There's a third piece that often gets overlooked: your network's natural reaction to your ideas. When you talk about certain problems, do people lean in? Do they naturally want to help? This is your network telling you something important about your authentic alignment with the problem.
In Eastern philosophy, particularly in the concept of the gunas, this alignment is called sattvic energy - it's pure, balanced, and harmonious. But here's what Westerners often miss: you don't have to start in perfect balance. Most successful founders start with rajas energy - dynamic and passionate - and gradually move toward sattva.
Think of it like this: rajas is the rocket fuel that gets you off the ground, but sattva is the orbital path you're aiming for. You need both. Without rajas, you'll never overcome inertia. Without moving toward sattva, you'll burn out.
I see this pattern repeatedly in successful founders. They start with intense, almost obsessive energy about their problem (rajas). But as they build, they naturally move toward more sustainable, balanced approaches (sattva). This isn't just good for them - it's good for their companies.

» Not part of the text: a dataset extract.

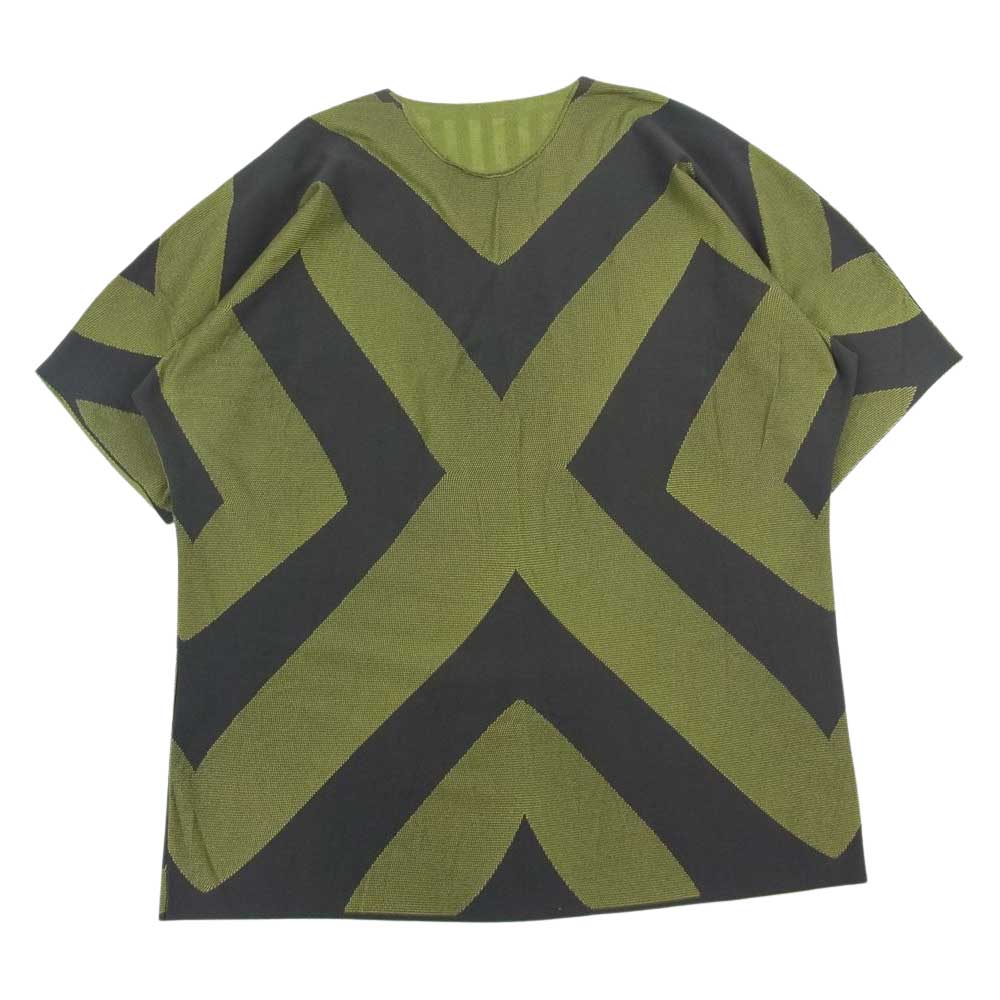 HOMME PLISSE ISSEY MIYAKE オム プリッセ イッセイミヤケ HP81JK310 Uネック カットソー 半袖 グレー系 イエロー系【中古】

The trick is finding problems where your rajas energy naturally leads toward sattva. If you're constantly fighting yourself or your market, that's a sign you're on the wrong path. The right problem feels like pushing a boulder downhill - hard work, but aligned with natural forces.
Here's a practical way to find this alignment: Write down what makes you angry about the world. Not mild irritation, but real anger. Now list what you're exceptionally good at. Finally, note which topics make your friends and colleagues naturally engage with you.

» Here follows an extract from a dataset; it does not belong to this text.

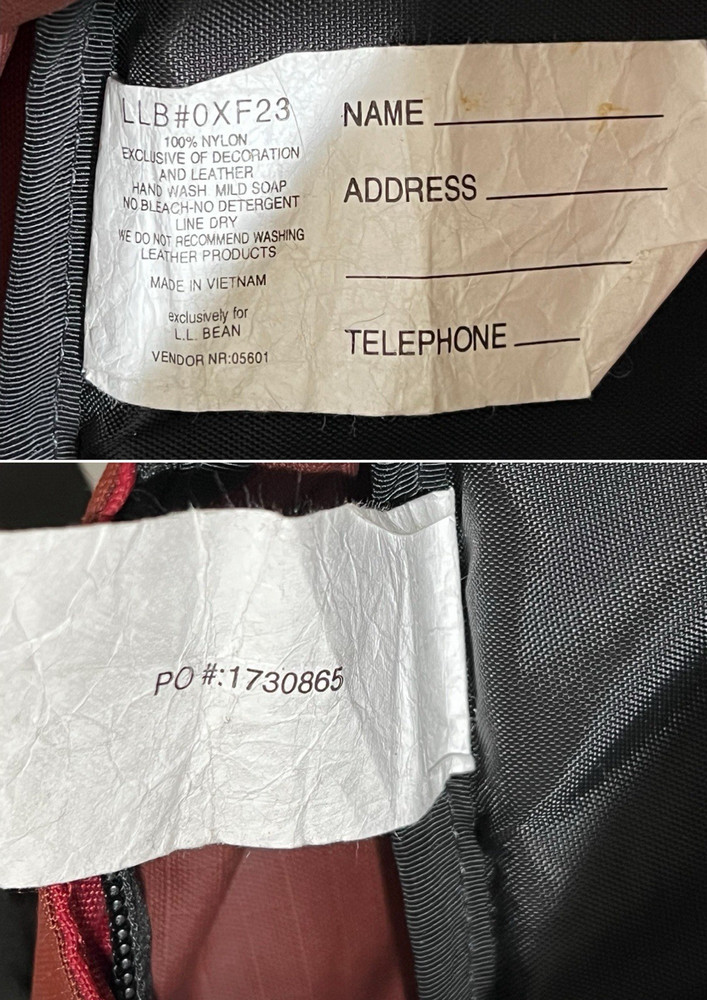 L.L. Bean Backpack Size Large Soft-shell Lightweight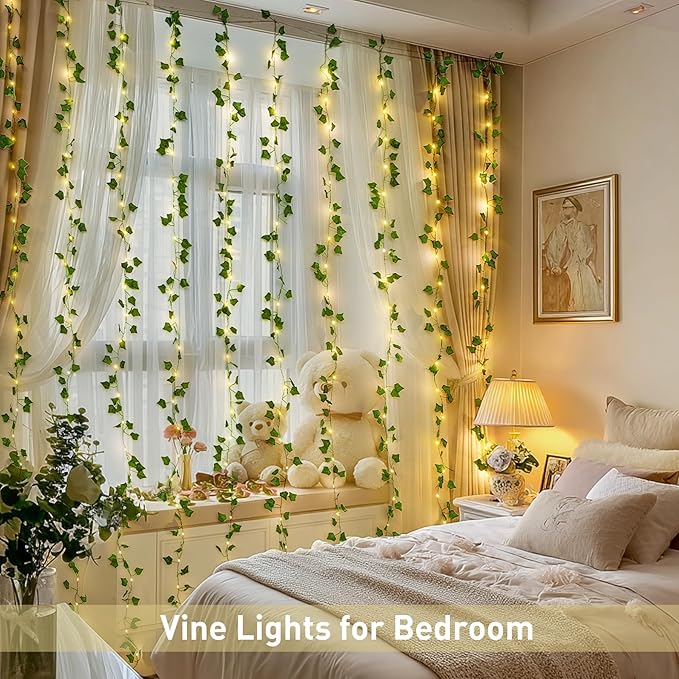 JMEXSUSS Vines Lights for Bedroom, 200 LED Vines Fairy Lights, Artificial Ivy Leaf Light for Wall Curtain Wedding Party Christmas Indoor Decor, 6.5ft x 6.5ft with Remote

Where these three circles overlap, you'll usually find your purpose. But here's the key: it should feel both exciting and peaceful. If it only feels exciting, you're probably chasing someone else's dream. If it only feels peaceful, you might not have the fire to push through the hard parts.
The best founders I know have this dual quality - they're intensely driven but also fundamentally at peace with their mission. They're not trying to be founders; they're trying to solve their problem. The founder part is just a side effect.

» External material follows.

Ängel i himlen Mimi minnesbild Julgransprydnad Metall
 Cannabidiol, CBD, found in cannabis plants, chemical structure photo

This is what I mean by sattvic founder mode. It's not about being calm all the time - it's about having the right kind of fire. The kind that energizes rather than burns out. The kind that attracts the right people and resources naturally.
Most founder advice focuses on tactics - how to raise money, how to hire, how to grow. But these are secondary problems. Get the purpose right - that intersection of problem, skill, and natural alignment - and these tactical problems become much more solvable.
The world doesn't need more startups. It needs more founders who are deeply aligned with their purpose. Find what bothers you, check if you're equipped to fix it, listen to how your network responds, and pay attention to the quality of your energy as you work on it.
This isn't just philosophical - it's practical. Aligned founders are more resilient, make better decisions, and ultimately build more impactful companies. They also tend to be happier, which in the grueling journey of building something new, turns out to be a crucial competitive advantage.